++++ DATA PROVIDED ++++

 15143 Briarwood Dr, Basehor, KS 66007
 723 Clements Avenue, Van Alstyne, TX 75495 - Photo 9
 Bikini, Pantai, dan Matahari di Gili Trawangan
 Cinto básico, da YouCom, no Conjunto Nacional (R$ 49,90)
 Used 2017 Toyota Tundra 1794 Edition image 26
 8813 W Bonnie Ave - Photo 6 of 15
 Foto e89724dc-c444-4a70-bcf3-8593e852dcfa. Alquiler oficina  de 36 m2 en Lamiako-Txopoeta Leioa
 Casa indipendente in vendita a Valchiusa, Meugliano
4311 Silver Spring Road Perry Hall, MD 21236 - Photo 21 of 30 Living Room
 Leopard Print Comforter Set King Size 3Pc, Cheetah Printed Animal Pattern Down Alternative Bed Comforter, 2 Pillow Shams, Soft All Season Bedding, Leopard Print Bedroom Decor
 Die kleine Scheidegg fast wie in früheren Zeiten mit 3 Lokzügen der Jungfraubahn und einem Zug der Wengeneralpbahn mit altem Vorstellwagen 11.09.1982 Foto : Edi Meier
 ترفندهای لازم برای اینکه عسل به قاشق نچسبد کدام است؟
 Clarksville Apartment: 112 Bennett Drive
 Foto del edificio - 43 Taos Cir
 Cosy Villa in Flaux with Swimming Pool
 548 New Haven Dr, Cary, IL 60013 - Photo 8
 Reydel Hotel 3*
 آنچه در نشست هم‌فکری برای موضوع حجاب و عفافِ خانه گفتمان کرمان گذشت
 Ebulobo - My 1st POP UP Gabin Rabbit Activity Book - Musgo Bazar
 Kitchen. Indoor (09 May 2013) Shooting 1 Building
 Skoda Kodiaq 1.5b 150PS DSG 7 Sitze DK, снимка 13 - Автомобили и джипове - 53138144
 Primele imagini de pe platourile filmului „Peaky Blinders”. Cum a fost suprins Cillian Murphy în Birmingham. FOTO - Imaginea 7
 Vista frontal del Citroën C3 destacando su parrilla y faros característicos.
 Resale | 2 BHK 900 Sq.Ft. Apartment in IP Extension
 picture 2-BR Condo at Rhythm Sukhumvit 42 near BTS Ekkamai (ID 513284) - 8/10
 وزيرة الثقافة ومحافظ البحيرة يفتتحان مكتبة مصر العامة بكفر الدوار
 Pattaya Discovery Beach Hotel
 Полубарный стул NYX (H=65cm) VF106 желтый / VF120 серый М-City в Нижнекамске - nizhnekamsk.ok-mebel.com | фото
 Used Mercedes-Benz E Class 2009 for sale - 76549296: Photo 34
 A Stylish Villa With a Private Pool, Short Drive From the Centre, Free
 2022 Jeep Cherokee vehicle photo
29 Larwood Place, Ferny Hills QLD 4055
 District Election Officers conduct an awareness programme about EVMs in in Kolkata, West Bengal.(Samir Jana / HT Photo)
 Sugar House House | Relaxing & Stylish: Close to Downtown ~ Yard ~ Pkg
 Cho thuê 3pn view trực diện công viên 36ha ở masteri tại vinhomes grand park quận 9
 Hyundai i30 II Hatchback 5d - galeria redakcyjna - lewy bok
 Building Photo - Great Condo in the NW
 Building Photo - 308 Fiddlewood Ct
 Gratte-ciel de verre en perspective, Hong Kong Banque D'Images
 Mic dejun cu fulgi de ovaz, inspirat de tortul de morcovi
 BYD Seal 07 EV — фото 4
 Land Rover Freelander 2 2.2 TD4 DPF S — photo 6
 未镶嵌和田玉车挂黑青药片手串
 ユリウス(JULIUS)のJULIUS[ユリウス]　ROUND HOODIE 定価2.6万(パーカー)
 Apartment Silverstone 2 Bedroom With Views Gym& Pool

++++

TASK BRIEF: List, from the entries above, every line in which the word "Condo" shows up.

REPLY:
 picture 2-BR Condo at Rhythm Sukhumvit 42 near BTS Ekkamai (ID 513284) - 8/10
 Building Photo - Great Condo in the NW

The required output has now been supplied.